My Favourite Building – Anglican Cathedral, Liverpool

THIS week on My Favourite Building, Gurdip Chamba, below, head of building consultancy at property consultants Bruton Knowles in Birmingham, discusses how his time at university started a love affair with the Anglican Cathedral, in Liverpool.
If you would like to take part in ‘My Favourite Building’, please email tamlyn.jones@thebusinessdesk.com.
As you walk along Upper Parliament Street and turn the corner in the centre of Liverpool, the sight of the Anglican Cathedral hits you with the full force of its beauty and immensity.
Looking like the head and shoulders of a giant robot, this is a building that makes your spine tingle. It is here that I graduated from the city’s John Moores University, and I was as awestruck then as I am today by the scale of the place.
And it is truly a building of superlatives. With a bell tower that stretches up for 100 metres, it is the largest cathedral in Britain and the fifth largest in the world. It took 74 years to build and is a celebration of expert craftsmanship, from the stained glass windows to the stonemasons’ mastery of the red sandstone.

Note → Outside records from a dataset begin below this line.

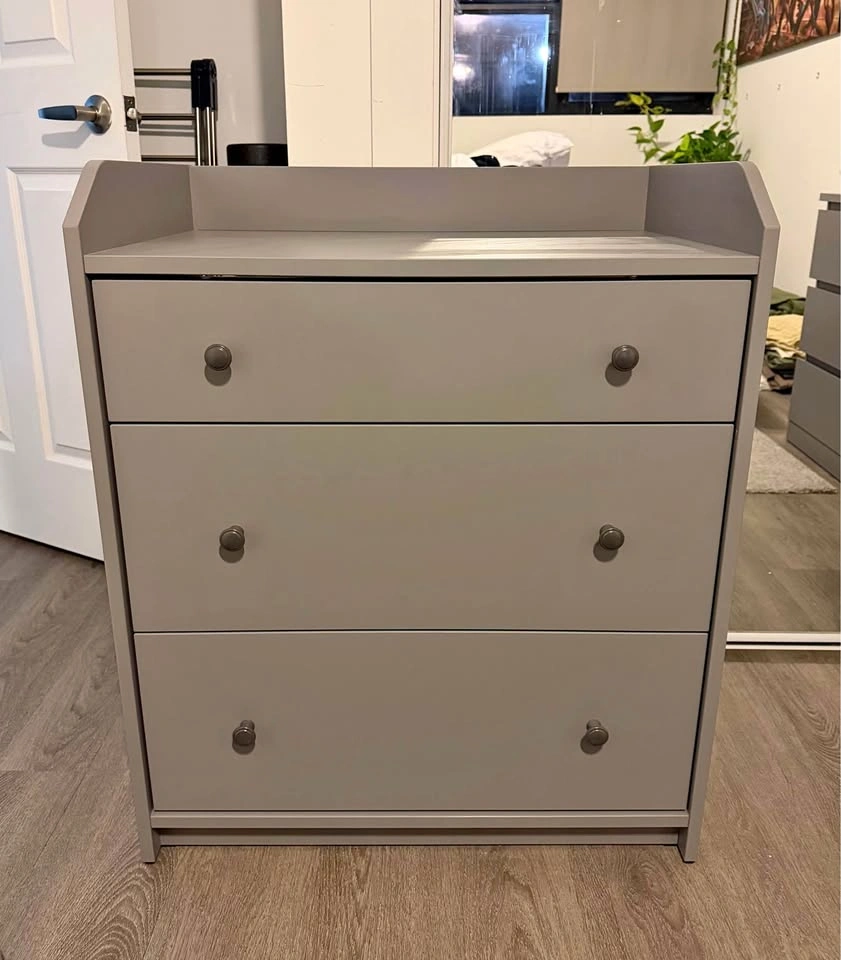 IKEA HAUGA 3-Drawer Chest - Set of 2
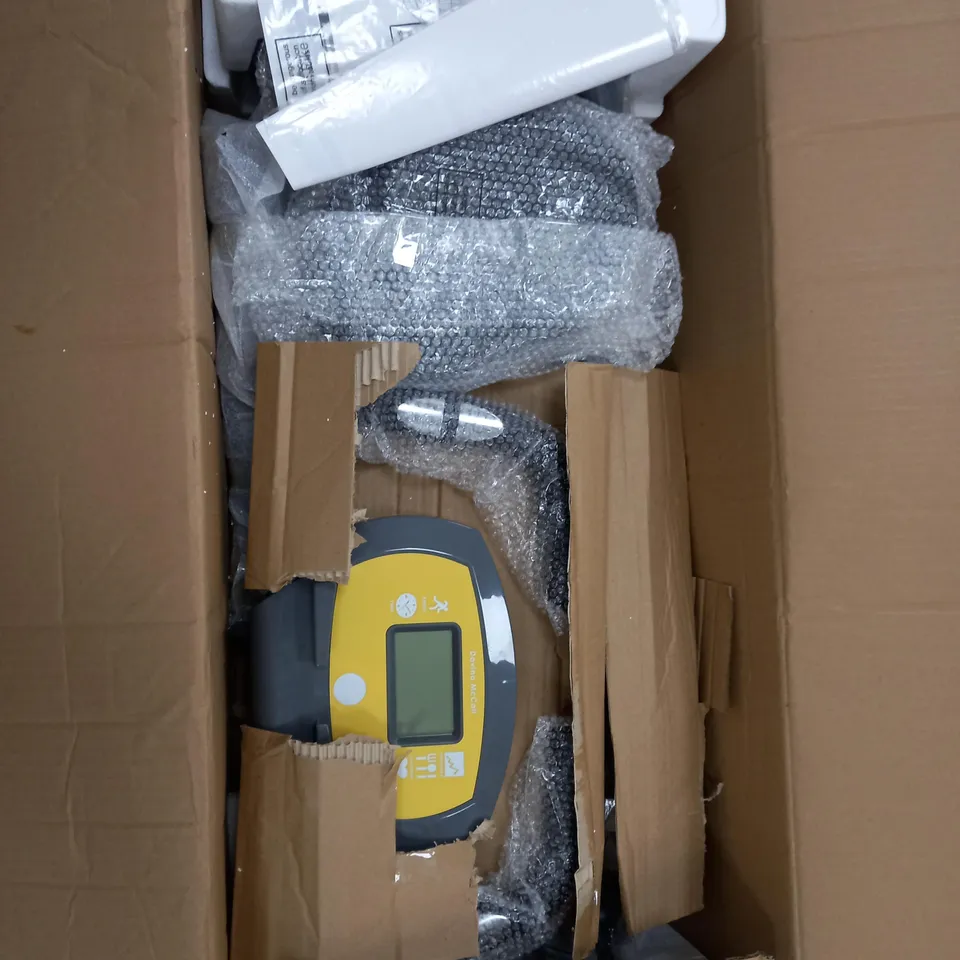 DAVINA FITNESS FOLDING MAGNETIC EXERCISE BIKE, YELLOW [COLLECTION ONLY]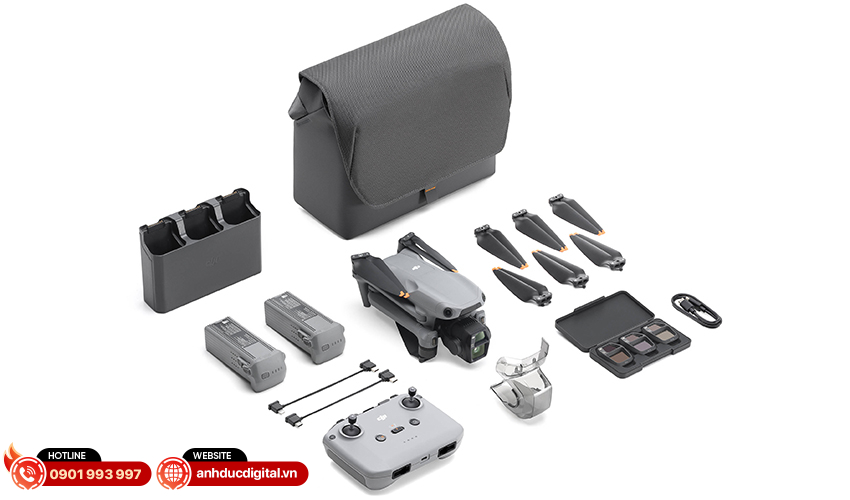 Flycam DJI Air 3S Fly More Combo with DJI RC-N3 27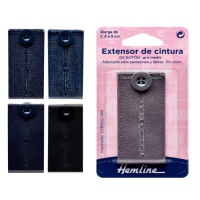 Extension de ceinture de 6,8 x 3,1 cm avec bouton - Ourlet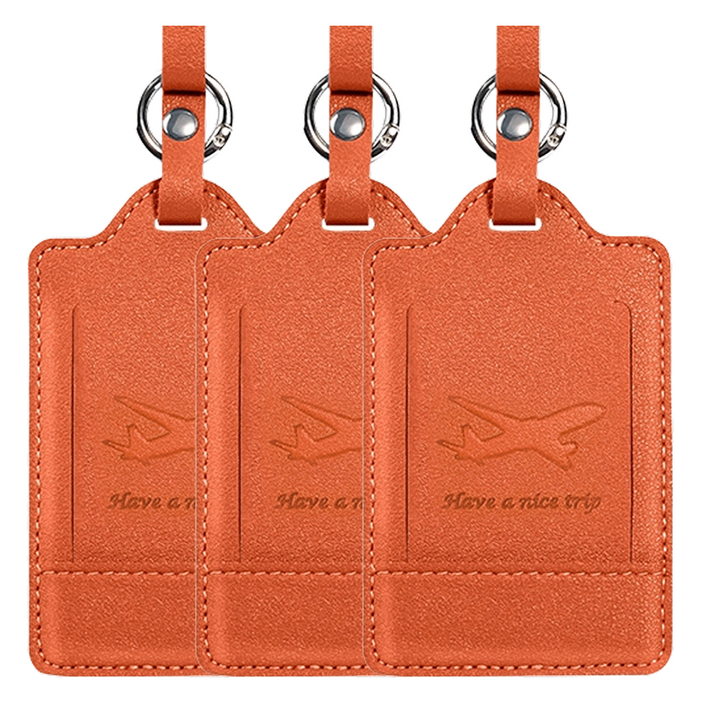 벨리안 튼튼한 여행용 캐리어 골프백 가죽 네임택 3p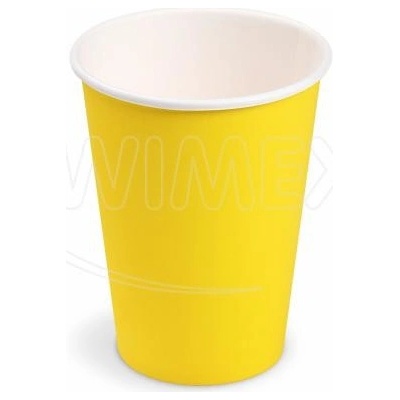 Wimex Papierový pohár FSC Mix žltý O74mm 240ml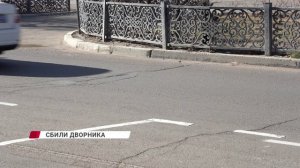 В эти выходные в центре Улан-Удэ водитель сбил пожилую уборщицу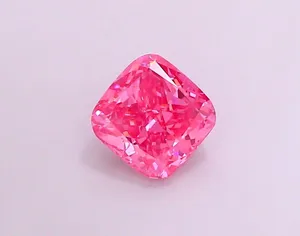 1ct CUSHION Fancy Vivid Pink VS2 Coloured Lab diamond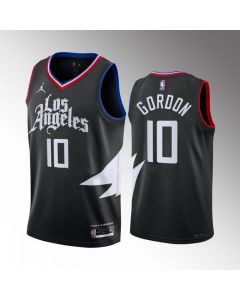 Men's Los Angeles Clippers #10 Eric Gordon Black Statement Edition Stitched Jersey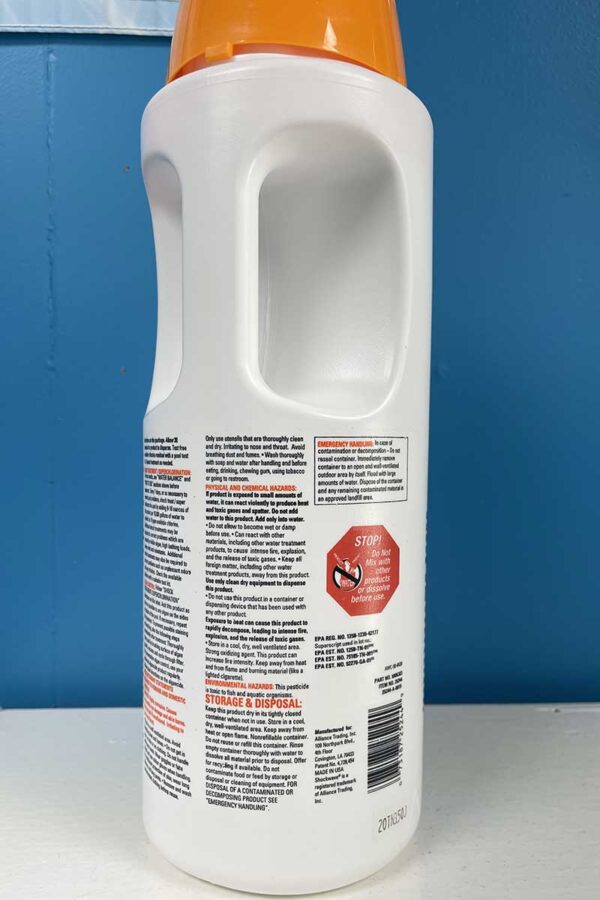 Calcium Hypochlorite 73% Powder Pool Super Shock, 5 lb. Bottle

The cathedral’s interior is no less impressive and you cannot fail to be amazed by how it was all achieved by simple manpower, in comparison with today’s large modern buildings where modern plant, technology and machinery allow easier construction.
The concept design for the cathedral was drawn by Giles Gilbert Scott, who was just 21 years old at the time and, incredibly, had no previous experience of building design. Over 100 drawings were submitted to the design competition, including entries from the likes of Charles Rennie Mackintosh and other established architects.
But the selectors must have liked Scott’s soaring ambitions for the building – although they did order him to work alongside the more experienced architect George F. Bodley.
Scott’s original design was based on Durham Cathedral and had two towers at the west end, and was packed with the Gothic detailing that was all the rage at the time. As the design was tweaked and revised, the two towers were reinvented as the single, central and exceptionally tall tower topped with a lantern that we see today.
The Gothic frills were cut back and even some elements of Mackintosh’s design entry were incorporated. Building work started in 1904 with the Lady Chapel being the first element of the structure to be completed.
But the Second World War and money problems hindered the work and the completion of the building – and consecration – only came in 1978: too late for Scott, who had died in 1960.
If you do get a chance to visit, and it is worth seeing at night when the building’s huge silhouette is almost scary, don’t miss the wonderful and rather creepy Victorian graveyard St James Cemetery.
Located at the back of the cathedral, you will find the gravestones of some of the merchant families who lived in Liverpool when it was one of the biggest cities in the world.